I don't know why the US can't do what South Korea does and require all gun owners to store their guns at local police stations.
Posted on 8/4/19 at 9:53 am to magildachunks
quote:
Now the thread is filling up with those sympathetic to the OP's belief.
Yeah that's a "I'm a victim" stance I never imagined seeing.
Posted on 8/4/19 at 9:53 am to Deactived
quote:
What's your point in here?
I'm not seeing your solution
I haven't discussed a solution.
What I'm discussing is what concealed carry proponents argue is a solution or at a minimum, mitigation.

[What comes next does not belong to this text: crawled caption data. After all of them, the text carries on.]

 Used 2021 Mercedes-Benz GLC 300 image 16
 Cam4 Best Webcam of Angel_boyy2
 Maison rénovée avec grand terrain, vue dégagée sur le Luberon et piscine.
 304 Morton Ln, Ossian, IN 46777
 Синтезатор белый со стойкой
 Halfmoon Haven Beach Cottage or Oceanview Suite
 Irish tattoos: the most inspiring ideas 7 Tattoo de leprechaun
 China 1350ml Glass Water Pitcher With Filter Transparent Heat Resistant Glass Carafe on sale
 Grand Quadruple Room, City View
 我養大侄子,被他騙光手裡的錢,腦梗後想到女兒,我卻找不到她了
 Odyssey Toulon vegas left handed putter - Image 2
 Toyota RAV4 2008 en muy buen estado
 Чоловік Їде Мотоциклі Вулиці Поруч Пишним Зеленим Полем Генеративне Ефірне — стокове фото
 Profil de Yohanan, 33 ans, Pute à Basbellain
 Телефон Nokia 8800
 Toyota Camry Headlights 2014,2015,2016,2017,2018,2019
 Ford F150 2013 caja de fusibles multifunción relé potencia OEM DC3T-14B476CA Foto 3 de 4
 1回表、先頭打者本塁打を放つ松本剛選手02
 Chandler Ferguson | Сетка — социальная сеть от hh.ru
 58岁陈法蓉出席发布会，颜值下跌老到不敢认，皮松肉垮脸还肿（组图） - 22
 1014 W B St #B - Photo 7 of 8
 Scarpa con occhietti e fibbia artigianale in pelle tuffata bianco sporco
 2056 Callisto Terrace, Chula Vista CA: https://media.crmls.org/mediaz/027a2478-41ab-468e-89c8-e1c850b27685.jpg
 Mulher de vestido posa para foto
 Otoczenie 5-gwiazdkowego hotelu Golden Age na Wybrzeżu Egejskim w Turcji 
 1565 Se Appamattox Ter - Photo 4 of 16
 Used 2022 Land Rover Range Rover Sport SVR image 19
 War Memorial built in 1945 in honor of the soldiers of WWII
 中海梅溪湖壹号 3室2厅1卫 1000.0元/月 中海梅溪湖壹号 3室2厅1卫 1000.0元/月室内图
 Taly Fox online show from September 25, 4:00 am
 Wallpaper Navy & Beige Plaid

Posted on 8/4/19 at 9:55 am to stout
C’mon Stout. 7 blink links??
You trying to get us killed up in here?
You trying to get us killed up in here?
Posted on 8/4/19 at 9:56 am to tgrbaitn08
quote:
C’mon Stout. 7 blink links??
You trying to get us killed up in here?
Not naming each one but they are links to CC permit holders saving people. Something inconvenient to his idiotic stance he is trying to make.
Posted on 8/4/19 at 9:56 am to tgrbaitn08
quote:
quote:
Glock or ar-15. Doesn't matter, they'd still run and hide.
Yeah but imagine how scary I would look if I was walking around with an AR15 hanging around my neck.
There would be no more mass shootings if everyone was wearing an AR15.
Maybe so but would you look scarier than the emo chick carrying the same weapon?
It's funny you mention that though. Open carry proponents believe that when people see them carrying a gun, that's a deterrent also.
Posted on 8/4/19 at 9:59 am to CarRamrod
quote:
This article is relevant....open letter to those who want to repeal 2nd amendment
That being so, here’s the million-dollar question: What the hell are they waiting for? Go on, chaps. Bloody well do it.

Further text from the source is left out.